Curated Journal Articles on Mesothelioma

c-Met expression and MET amplification in malignant pleural mesothelioma

Annals of Diagnostic Pathology 2016 August 23 [Epub 2016 April 30] [Link]

Bois MC, Mansfield AS, Sukov WR, Jenkins SM, Moser JC, Sattler CA, Smith CY, Molina JR, Peikert T, Roden AC


c-Met is a receptor tyrosine kinase shown to be overexpressed in malignant pleural mesothelioma (MPM). Whereas MET mutations have been identified in 3%-16% of MPMs, MET amplification has recently been reported in a single epithelioid MPM. We studied c-Met expression and MET amplification in a large MPM cohort and correlated results with morphologic and clinical features. We report the first case of MET amplification in sarcomatoid MPM. MPMs from surgical pathology files (1989-2014) were reviewed. c-Met immunohistochemistry was performed. Staining intensity and distribution were multiplied (H-score). Staining localization (cytoplasmic and/or membranous) was noted. Fluorescence in situ hybridization was performed using probes for MET and centromere 7. One hundred forty-nine patients (median age, 68.0years; interquartile range, 61-75) had epithelioid (n=97), biphasic (n=18), or sarcomatoid (n=34) MPM. Median follow-up was 10.1months (range, 0.1-222.5). One hundred thirty patients died of disease; 2 were alive with disease. c-Met was expressed in 147 MPMs. c-Met staining intensity, distribution, and H-score differed among the histologic subtypes (P=.015; P=.0001, and P=.0005, respectively), but none were predictive of survival. Epithelioid subtype had greater c-Met expression.
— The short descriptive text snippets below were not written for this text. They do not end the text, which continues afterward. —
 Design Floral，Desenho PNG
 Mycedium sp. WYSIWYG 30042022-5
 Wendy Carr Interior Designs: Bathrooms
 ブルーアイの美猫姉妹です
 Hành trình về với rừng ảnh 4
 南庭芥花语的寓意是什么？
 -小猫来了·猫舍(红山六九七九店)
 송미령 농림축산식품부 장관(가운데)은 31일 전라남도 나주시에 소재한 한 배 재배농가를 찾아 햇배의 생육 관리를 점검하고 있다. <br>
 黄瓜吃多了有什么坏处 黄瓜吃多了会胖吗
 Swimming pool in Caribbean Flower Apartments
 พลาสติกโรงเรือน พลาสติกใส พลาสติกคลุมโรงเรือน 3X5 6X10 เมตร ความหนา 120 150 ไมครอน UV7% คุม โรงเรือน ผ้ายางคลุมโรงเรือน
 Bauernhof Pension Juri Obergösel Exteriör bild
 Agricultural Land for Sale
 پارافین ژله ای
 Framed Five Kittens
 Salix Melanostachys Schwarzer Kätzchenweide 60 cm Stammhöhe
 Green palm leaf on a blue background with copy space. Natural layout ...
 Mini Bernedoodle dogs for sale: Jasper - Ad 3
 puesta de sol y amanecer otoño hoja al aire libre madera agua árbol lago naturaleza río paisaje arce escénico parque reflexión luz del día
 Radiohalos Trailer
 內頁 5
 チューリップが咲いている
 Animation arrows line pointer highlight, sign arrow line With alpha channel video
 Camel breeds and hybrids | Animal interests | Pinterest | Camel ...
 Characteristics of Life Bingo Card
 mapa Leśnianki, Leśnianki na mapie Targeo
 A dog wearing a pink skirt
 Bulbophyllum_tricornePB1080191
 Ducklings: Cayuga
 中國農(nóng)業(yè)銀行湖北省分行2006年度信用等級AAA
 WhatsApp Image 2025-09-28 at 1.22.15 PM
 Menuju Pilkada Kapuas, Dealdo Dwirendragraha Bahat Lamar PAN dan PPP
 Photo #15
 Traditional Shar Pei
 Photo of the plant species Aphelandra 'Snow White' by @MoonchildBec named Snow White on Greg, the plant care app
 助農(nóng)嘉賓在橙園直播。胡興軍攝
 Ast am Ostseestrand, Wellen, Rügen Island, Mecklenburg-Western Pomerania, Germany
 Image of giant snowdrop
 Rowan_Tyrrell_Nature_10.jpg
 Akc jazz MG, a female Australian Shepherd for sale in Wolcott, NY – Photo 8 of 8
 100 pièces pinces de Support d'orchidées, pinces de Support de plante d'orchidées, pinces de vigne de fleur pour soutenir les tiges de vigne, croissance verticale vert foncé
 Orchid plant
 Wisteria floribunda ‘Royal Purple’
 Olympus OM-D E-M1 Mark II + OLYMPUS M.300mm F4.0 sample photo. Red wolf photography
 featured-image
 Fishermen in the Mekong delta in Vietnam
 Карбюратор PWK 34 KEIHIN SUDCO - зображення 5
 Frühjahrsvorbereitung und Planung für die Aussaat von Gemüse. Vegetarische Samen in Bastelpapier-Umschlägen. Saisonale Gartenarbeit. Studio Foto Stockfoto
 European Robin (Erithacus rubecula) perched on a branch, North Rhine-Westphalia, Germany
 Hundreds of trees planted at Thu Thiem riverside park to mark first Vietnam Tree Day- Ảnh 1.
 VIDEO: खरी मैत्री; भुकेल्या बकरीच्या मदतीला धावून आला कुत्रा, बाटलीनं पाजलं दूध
MET amplification was identified in 1 sarcomatoid MPM and MET duplication in 1 epithelioid MPM; both had poor outcomes. Chromosome 7 aneusomy was observed in 54 of 144 (37.5%) MPMs and associated with decreased overall survival in sarcomatoid MPMs (hazard ratio=2.81; 95% confidence interval, 1.21-6.51; P=.01). In conclusion, c-Met is expressed in MPM, with significant differences in expression among histologic subtypes. MET amplification is a rare event in MPM, making it an unlikely common pathogenesis for c-Met expression.